In [1]:
import pandas as pd

# Data Evaluation

This notebook generates descriptive statistics about the data and its cleaning process.

In [2]:
df = pd.read_excel('./r3a-data-extraction.xlsx', sheet_name='Data')

In [3]:
def get_unique_codes(df: pd.DataFrame, column: str) -> [str]:
    """Returns a list of unique codes contained in a given column.

    parameters:
        df -- pandas.DataFrame containing the data
        column -- name of the column containing cells with codes or groups of codes separated by semicolons (e.g., "code1;code2)

    returns:
        list of unique codes
    """

    # obtain all codes of the column (which still contains code groups like "code1;code2")
    all_codes = list(df[column].value_counts().index)

    # split up code groups (the sum([...], []) flattens the list of lists)
    singular_codes = sum([code.split(';') for code in all_codes], [])

    # remove duplicates
    return list(set(singular_codes))

## Data Cleaning

### Removing wrongfully included Experimentation Literature

The inclusion and exclusion criteria were applied to the title, abstract, and keywords of the 1446 primary studies retrieved by the database search. In some cases, however, the data extraction revealed that the assumptions, under which a study was included, did not hold. These studies need to be excluded.

In [4]:
# identify the IDs of the wrongfully included papers, which have a True flag in the 'F' column
ids_of_wrongfully_included = set(df[(df['Type']=='E') & (df['F']==True)]['ID'].values)
print(f'{len(ids_of_wrongfully_included)} primary studies were wrongfully included and have to be removed.')

# remove all these wrongfully included primary studies (i.e., false positives) from the data set
df = df[df['F']==False]

22 primary studies were wrongfully included and have to be removed.
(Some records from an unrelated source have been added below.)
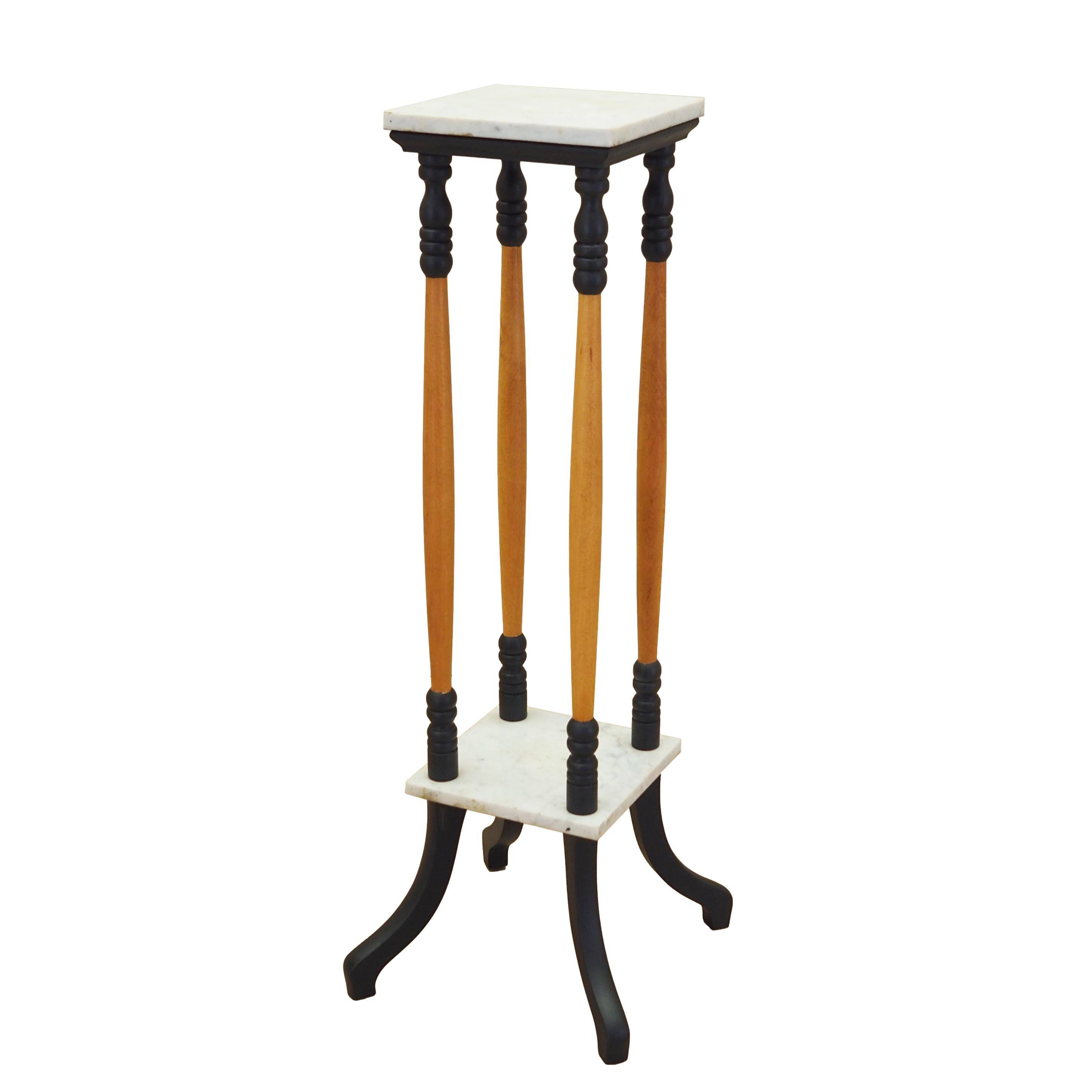 Plant stand, Danish design, 1970s, production: Denmark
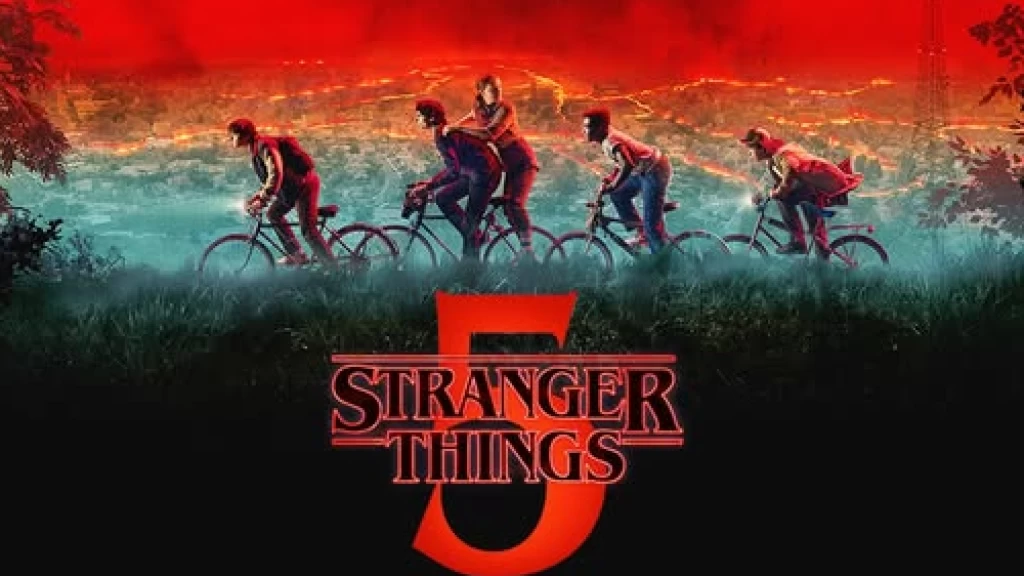 ¡Alerta Hawkins! Stranger Things 5 se Estrena HOY 26 de Noviembre: Horario en México, Detalles del Épico Final y el Easter Egg de Google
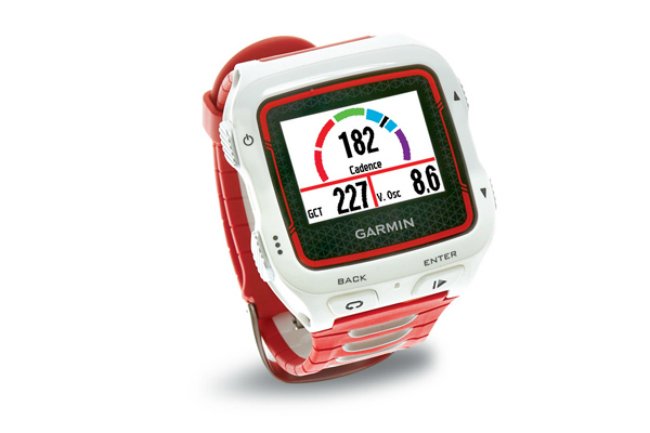 2 GARMIN FORERUNNER 920XT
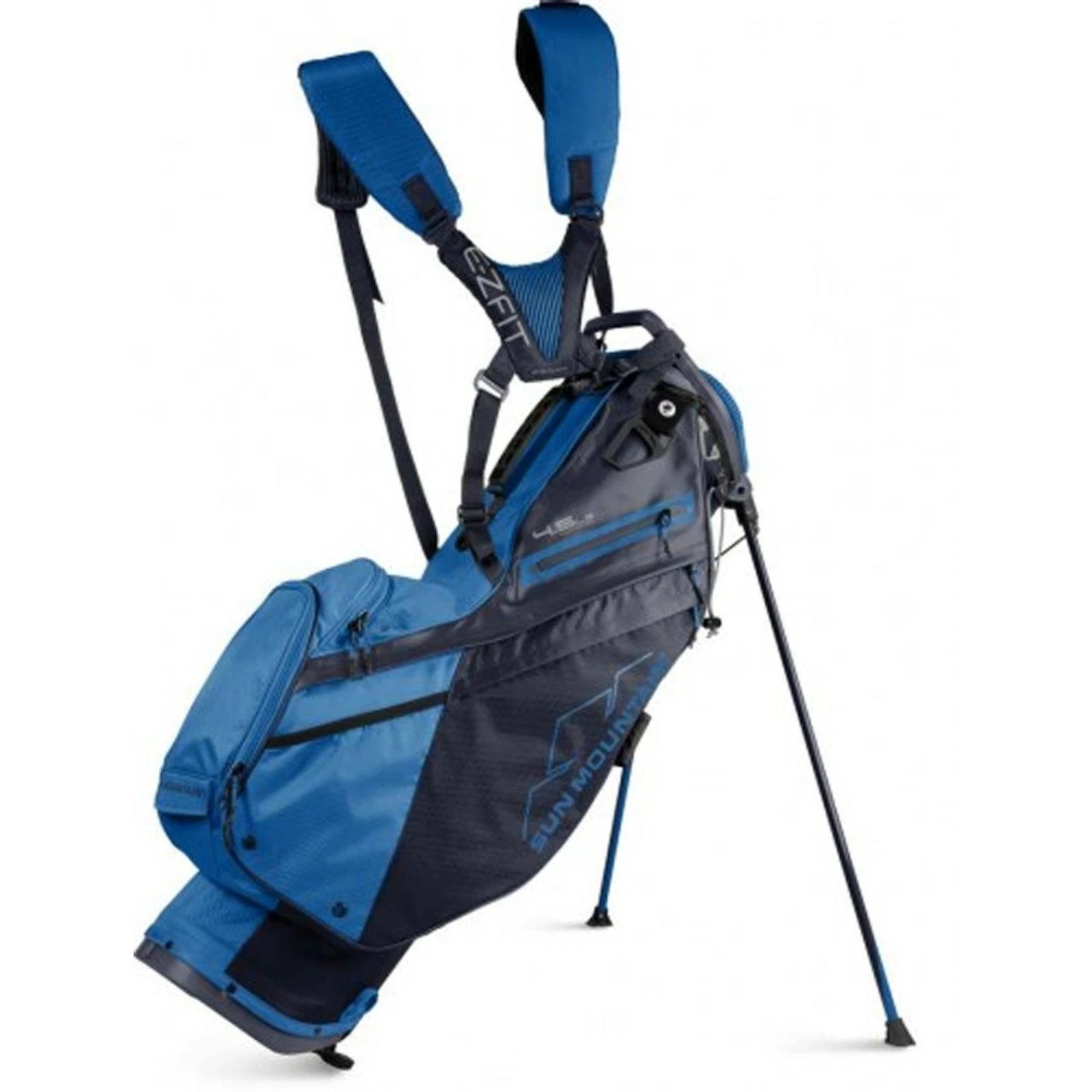 Sun Mountain 4.5 LS 14-Way Stand Bag 2022 Clearance 7 Sun Mountain 4.5 LS 14-Way Stand Bag 2022 Clearance - Image 6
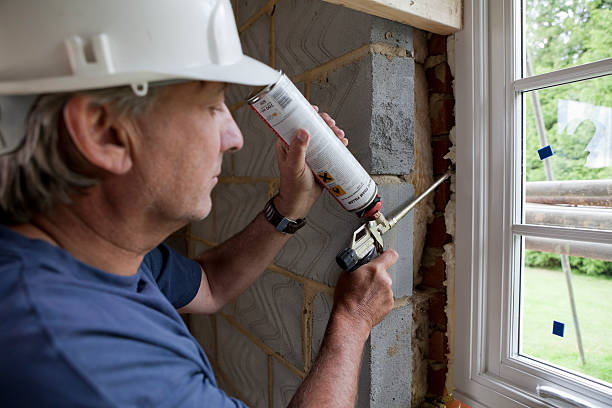 Best Energy Efficiency Solutions in Roebuck, SC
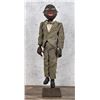 Image 1 : Harold Tarpley Sr. Puppet Marionette Minstrel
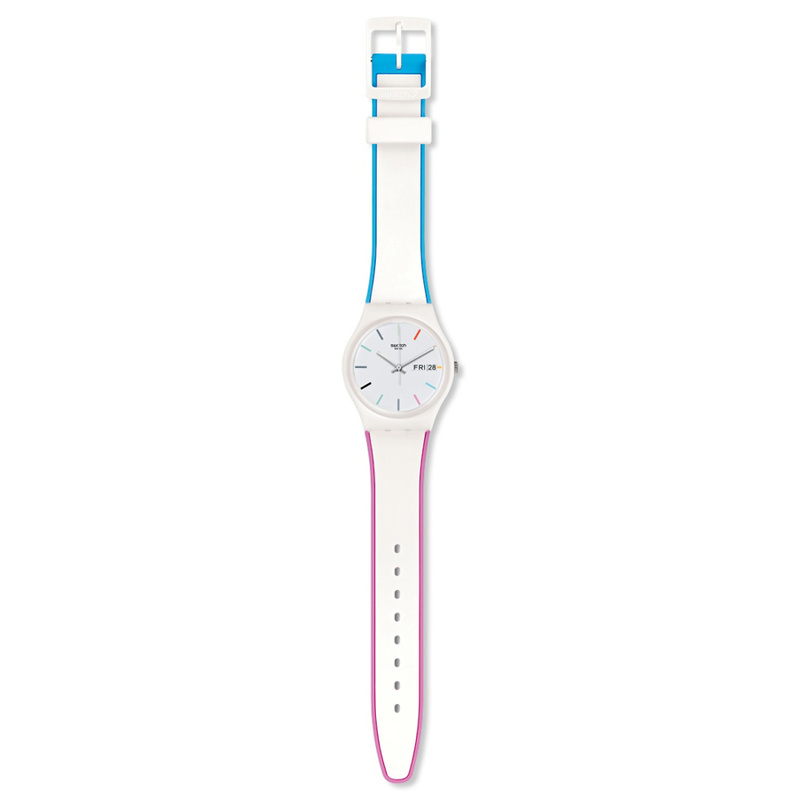 Swatch Gent - GW708 - 2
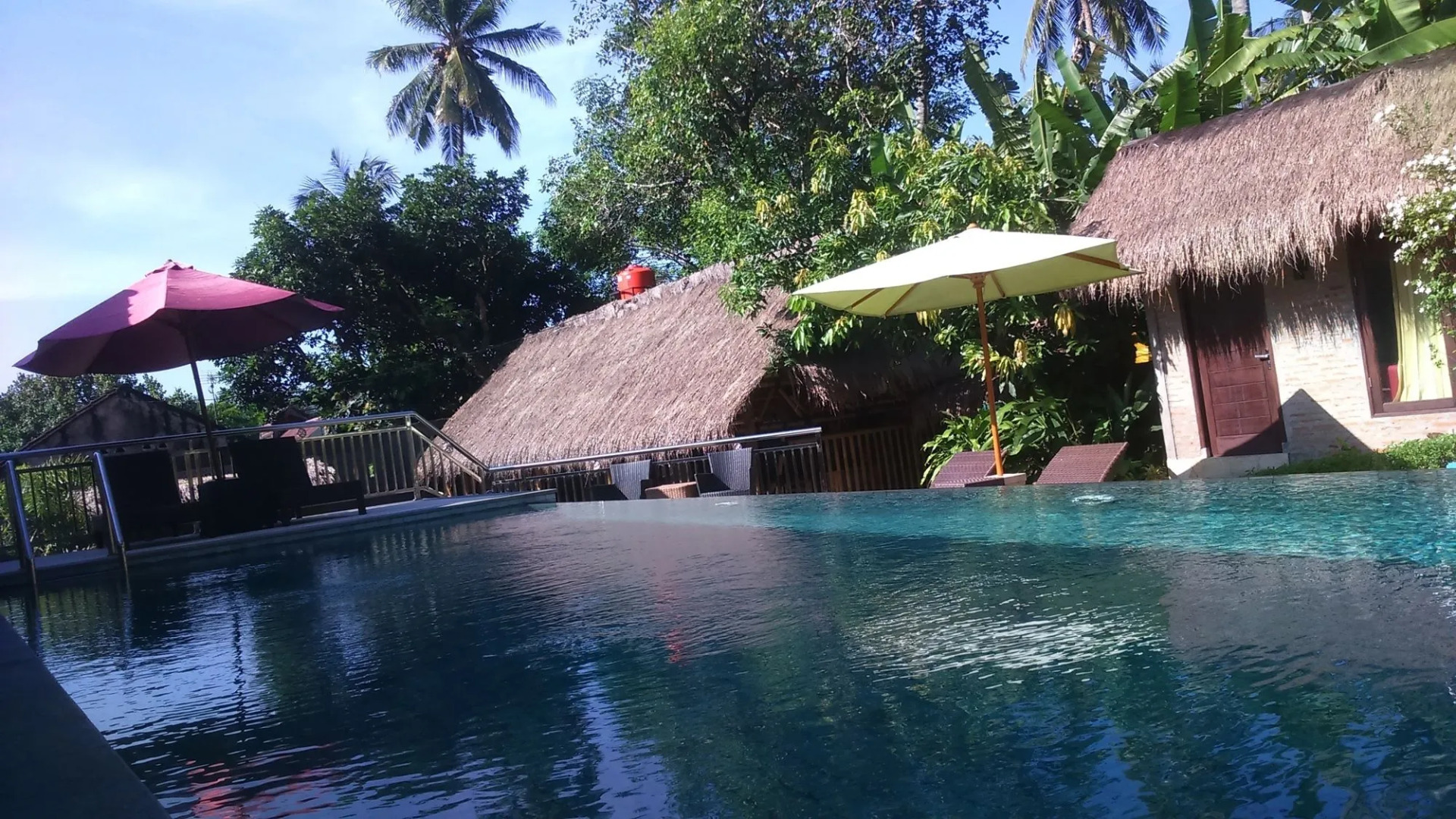 Senggigi Cottages Lombok
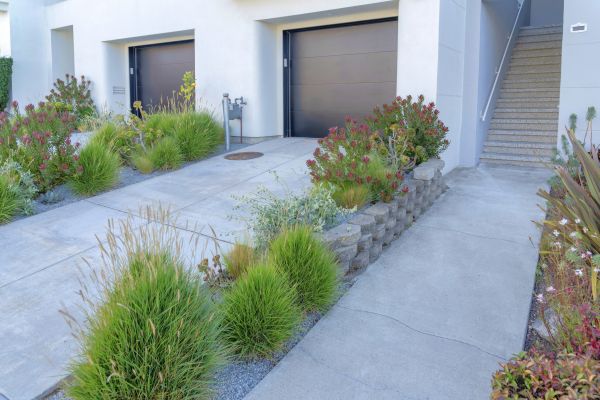 Cost of Driveway Sidewalk Repair in Kennewick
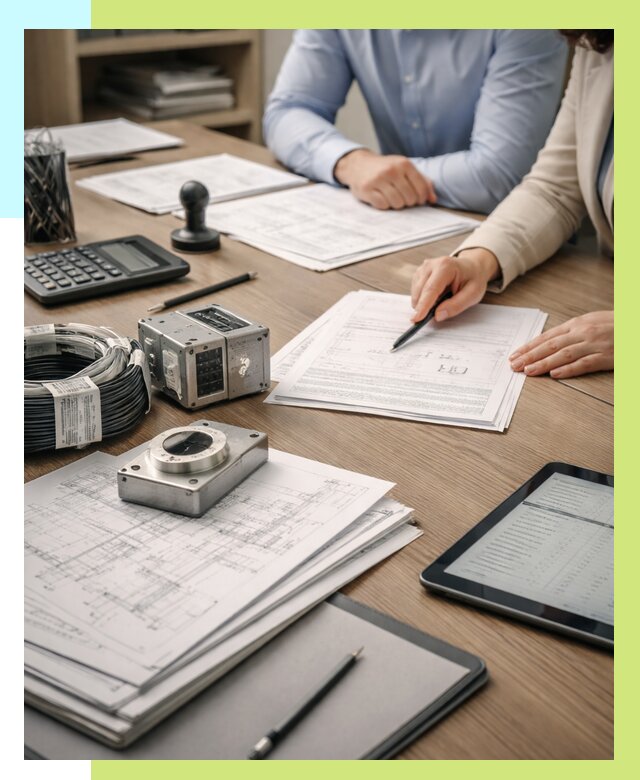 ТУ на изделие в Дюртюли: оформить и получить от 8861 р. | Алешин-Дюр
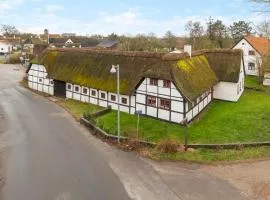 Strandvejen 52, Reersø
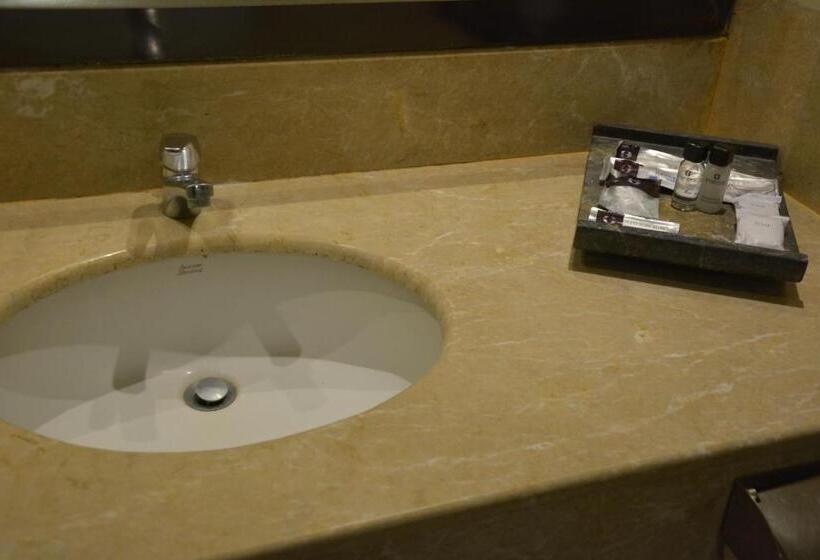 غرفة سوبيريور سرير كينج, Garden Palace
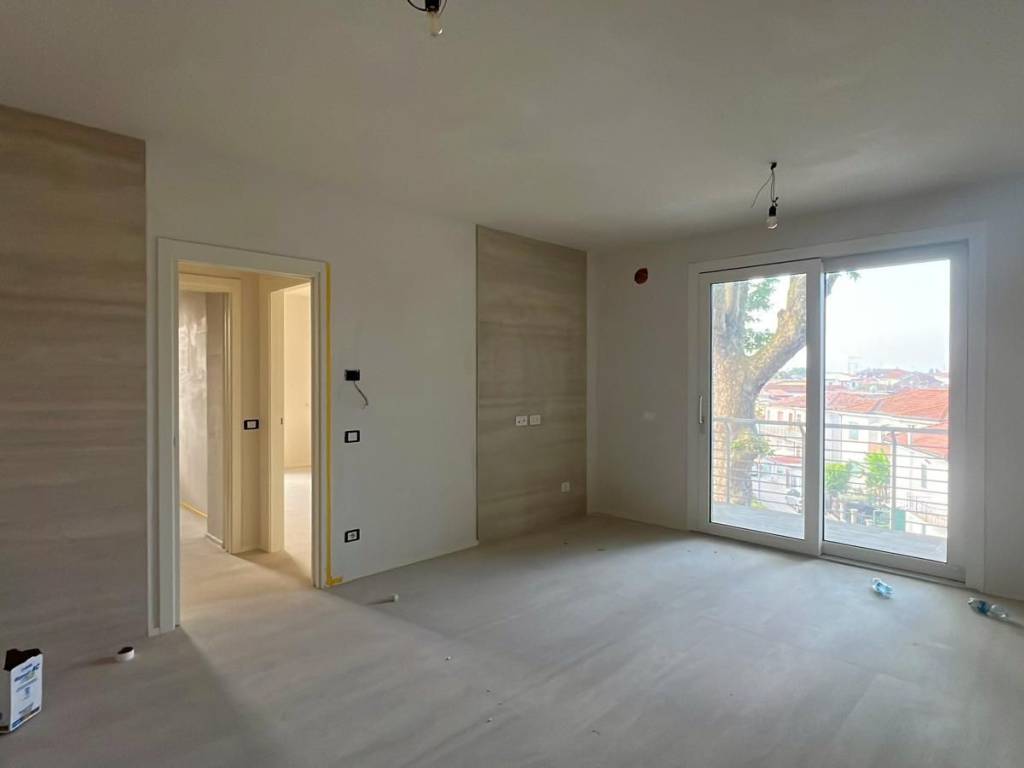appartamento in vendita a Rovigo in zona San Pio X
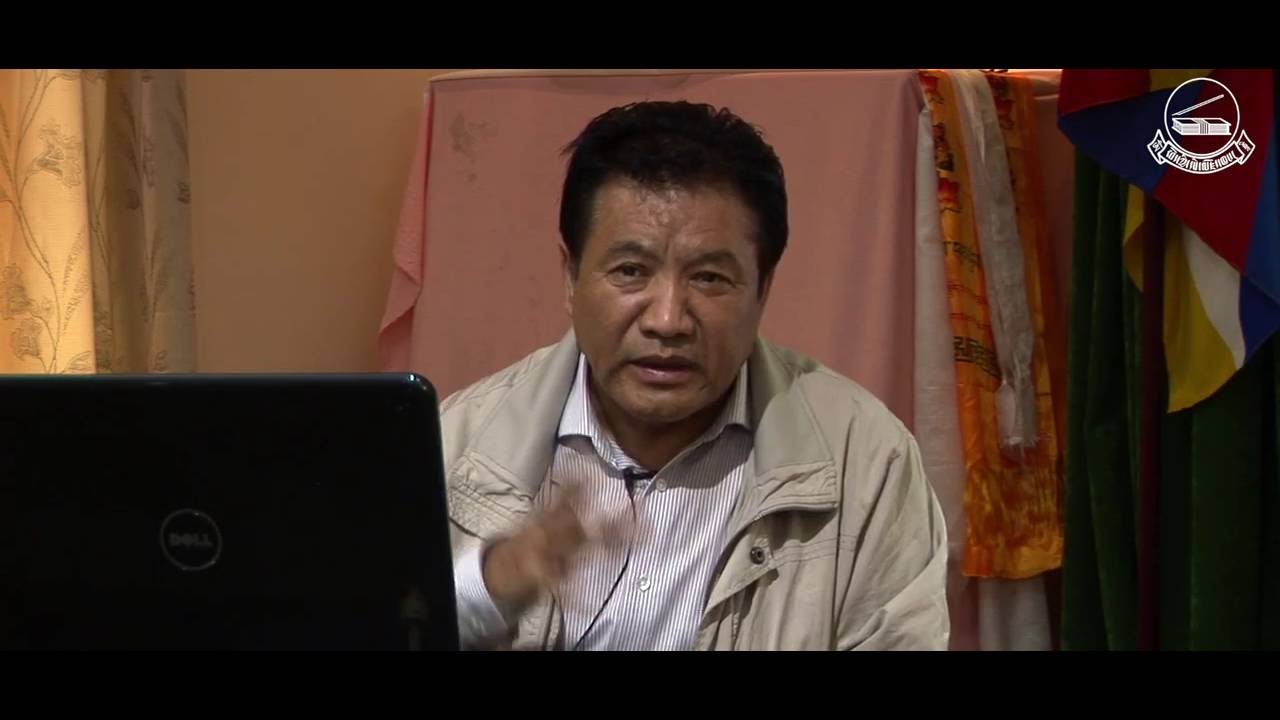 Traditional Tibetan medication and Prevention by Dr. Tsewang Tamding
### Removing non-valuating Attributes

Several dependent variables in the data set describe non-valuating attributes, i.e., properties of the activity that do not have a connection to quality. These need to be removed.

In [5]:
# identify the IDs of the non-valuating dependent variables, which have a True flag in the 'F' column
ids_of_nonvaluating = set(df[(df['Type']=='E') & (df['Val']==True)])
print(f'{len(ids_of_nonvaluating)} studies use non-valuating dependent variables that are irrelevant to this study.')

# remove all these wrongfully included data points (i.e., false positives) from the data set
df = df[df['Val']==False]

12 studies use non-valuating dependent variables that are irrelevant to this study.


## Data Evaluation

In the following code blocks, we evaluate the cleaned data and generate some general, high-level statistics.

### Number of textual Descriptions

Firstly, we count the number of textual descriptions extracted for each data source type and in general.

In [6]:
data_source_types = {
    'E': 'Experimental Literature',
    'I': 'Interview Study', 
    'S': 'Software Process Literature'
}

for dst in data_source_types:
    df_specific = df[df['Type'] == dst]
    n_activity_mentions = len(df_specific[df_specific['Activity Description'].notnull()])
    n_attribute_mentions = len(df_specific[df_specific['Attribute Description'].notnull()])
    print(f'The {data_source_types[dst]} contained {n_activity_mentions} descriptions of activities and {n_attribute_mentions} descriptions of attributes.')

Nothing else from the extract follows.